When Crossroads came out, I was in high school, and I saw it with my friends opening night. I knew I would hate it. I knew it would be terrible. I was right. But I LOVE stories about teenage friendships. The friendships are my favorite part of any coming-of-age story. Something that adults frequently get wrong when writing about teenage romance is that in real life, girls’ friends are significantly more important to them than their romantic partners. Once you get older and start thinking about marriage and maybe starting a family, suddenly the person you date/marry/whatever becomes the center of your life, but in most healthy teenage relationships (those without co-dependency issues) this isn’t actually the case. Teenage girls rely on their female friends for most of their emotional needs.
The friendship between Reagan and Dee is the backbone of this story, and they fit together like one of those puzzles you could easily assemble even if all the pieces were turned upside down. Both girls are nursing broken hearts–Dee and her long-term boyfriend recently broke up because she was becoming a famous country singer, and he couldn’t handle all the public scrutiny; Reagan just dumped a drug addict who hit her–and each has her own way of mourning her recent loss.
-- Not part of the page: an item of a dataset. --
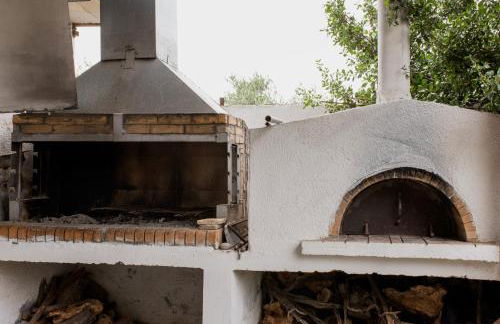 Minas Farm Cottage - Photo 5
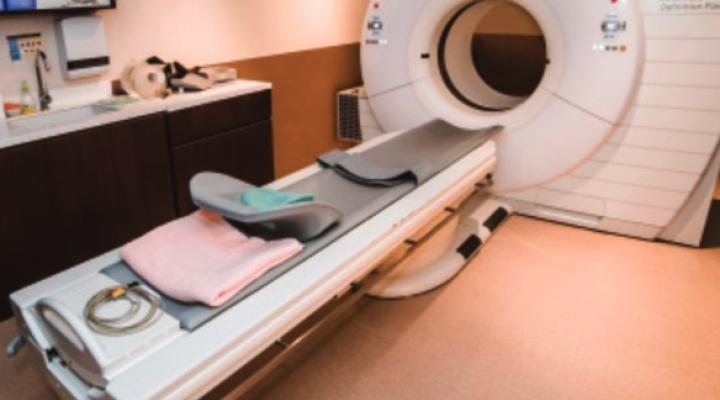 Singapore Medical Group kept on 'neutral' as uncertainties loom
Reagan is just kind of infinitely relatable. The unearned loathing she feels for her stepmother made me groan with embarrassment at how I treated my own stepparents (I’ve had four), and the way she threw herself into a scary, unhealthy lifestyle, including dating an abusive druggie, rings so true to how things can snowball out of control once a teenager starts to feel desperate and doesn’t have the right kind of support at home. Reagan has quit smoking, but she still craves cigarettes when she gets stressed (the way things like smoking and underage drinking are handled in this book is pretty great), and her non-smoking friends are really grossed out by it. She is understandably reticent to jump into a relationship with Matt after the terrible experience she had with her ex, and she is smart enough to move slowly with him while she figures herself out.
And Matt. SIGH, Matt. He’s so persistent in his pursuit of Reagan, but not in that pushy, awkward way. He gives her space when she requests it, and he is charmed and amused by her skittishness. I freaking love Matt. I wish I hadn’t had to read quite so many of his song lyrics, because original songs in books make me anxious, but he’s such a lovely boy.
Dee’s feelings toward her ex have a bit of an Adam and Mia in Where She Went vibe. She doesn’t blame him for breaking up with her, but they had one of those rare young love situations where they were actually kind of partners the way you are with your significant others as an adult (BTW, a 30-year-old friend of mine is married to a dude she started dating seriously when she was thirteen; these people are freaks of nature), so she is in a very specific type of bone-deep emotional pain. Over the course of the tour she, with the help of Reagan, grows and begins to learn who she is on her own, outside that relationship.
The only thing that really bothered me about this book was the lack of diversity. That was a real bummer. I would have liked for at least one significant character to be some sort of minority. Oh, and as I said above, I’m not generally a fan of song lyrics in books. They make me nervous. This book has a lot of songs in it.
Open Road Summer is like a crisp mojito on a summer day; I want twelve of them and I want them NOW. Why is this a debut novel? Why can’t I fall down the rabbit hole of hunting for everything Emery Lord has ever written? I’ll have to settle for re-reading this on a beach this June–maybe with a mojito.